Streaking: A Year In Review

screen shot 2019-01-10 at 8.10.33 am

I wrote about “Streaking” last January here:

https://peacelikeariver.net/2018/01/25/streaking/

Here is a small summary of what I wrote last January :

“Jeff Downs, the guy with the big idea, is in the process of writing his book. He said there are three rules.”

  1. It has to be laughingly simple
  2. You must keep score
  3. Find a community

“Laughingly simple means it is so easy it can be done everyday. Keeping score means marking a calendar, and a community can be your family, or say, a running group or an online forum.’ This is what structure looks like on making habits stick.

“So my first streak is organizing anything in my house or car 5 minutes a day.’

“My second streak is working on sewing , jewelry, photos or my aunt’s papers which are stored in my sewing room for 5 minutes a day.”

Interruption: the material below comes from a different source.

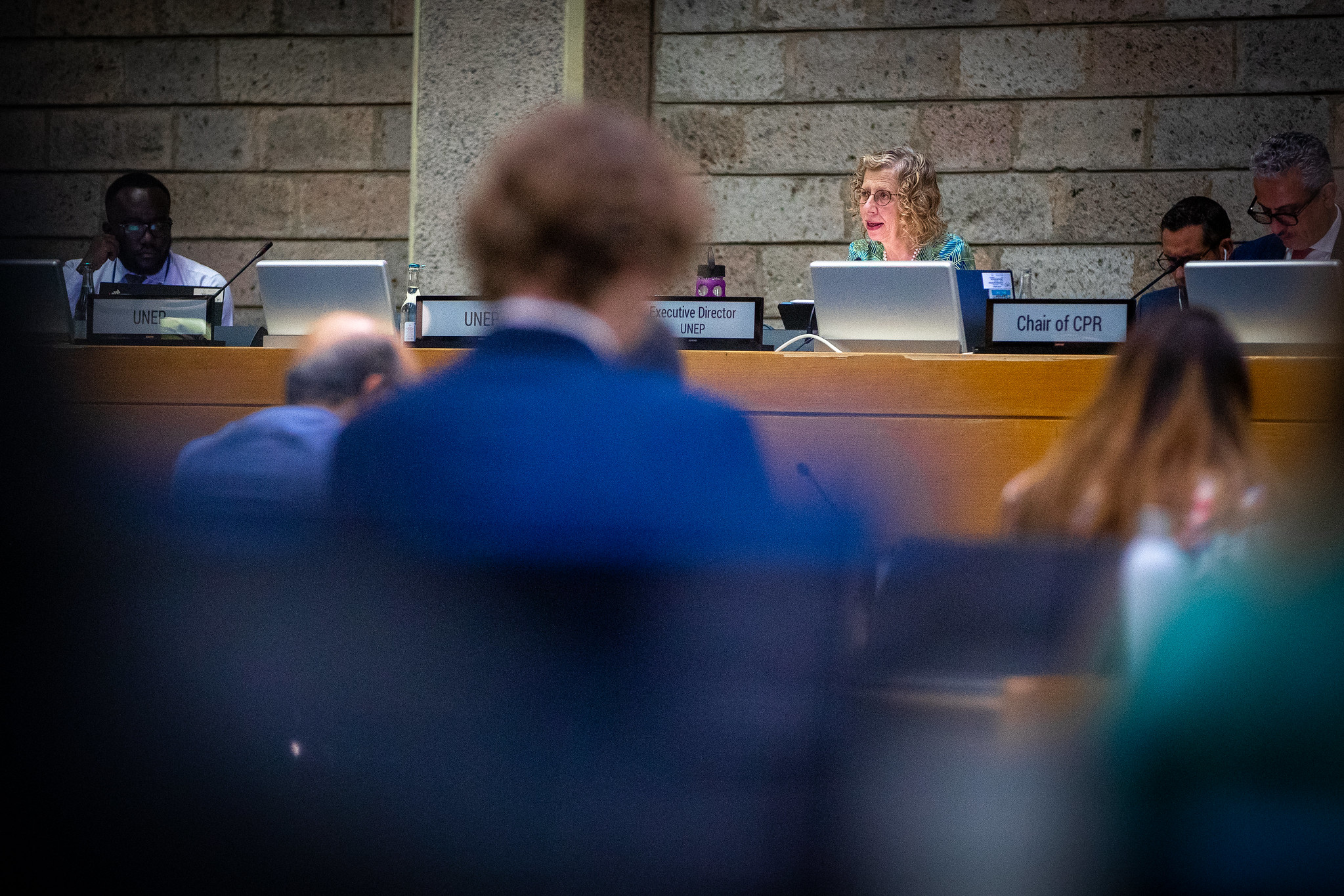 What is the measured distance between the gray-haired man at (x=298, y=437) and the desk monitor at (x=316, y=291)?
170 cm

A year later I am here to report Streaking is a great idea. It has taken the small compounding idea talked about in Atomic Habits and linked them so that you can have a long chain of  tiny success everyday. Through the year I reduced both goals to 1 minute (more laughingly simple) and it produced the amplifying results that James Clear wrote  about in my last post on Atomic Habits. I worked on organizing every part of our house, but didn’t record it or form a community. By the last three months I had stopped my one minute organizing streak. Sewing or working on other projects in my sewing room has stuck. I am given cast off clothes by my daughters to be changed or my own stuff needs to be ironed or hemmed. That 6 minute focus a week kept my clothes and our household in good shape throughout the year.  It always stretches to more time than 6 minutes a week but that small habit means it is an ongoing lifestyle change for me. My Structure/Cue is that my sewing room is next to the room where I exercise so I go right next door and look around at what I have place there that needs fixing. I also, at the end of last year, used the minute a day to go through piles of stuff that had sat in the sewing room  all year. Someone said that piles are put off decisions, and I had quite a few. That was the “addition through subtraction” principle James Clear talked about when I reduced mind friction in my sewing room so that it is all clear when I go in there and has become a wonderful place to work for me.

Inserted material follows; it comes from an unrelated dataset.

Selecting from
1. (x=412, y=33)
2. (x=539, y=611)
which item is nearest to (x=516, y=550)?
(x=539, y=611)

What I found through the year was my streaking habits worked well 6 days a week but inevitably on Sundays I would forget, because I don’t exercise on Sunday. I talked to my husband about it last month and he said for him, “Sunday is None-day”– Meaning he had a completely different mindset and schedule on Sunday and so he would break his streaking chain every week. I didn’t know that he was doing that! As members of the Church of Jesus Christ of Latter-day Saints, one of our core beliefs is keeping the Sabbath day holy, so when he shared that with me, I thought, “Yes, of course!”

Streaking  all year let me see the power of compounding small habits. It has made two home-keeping chores that I never seemed to get to, doable, and not always nagging me at the back of my mind.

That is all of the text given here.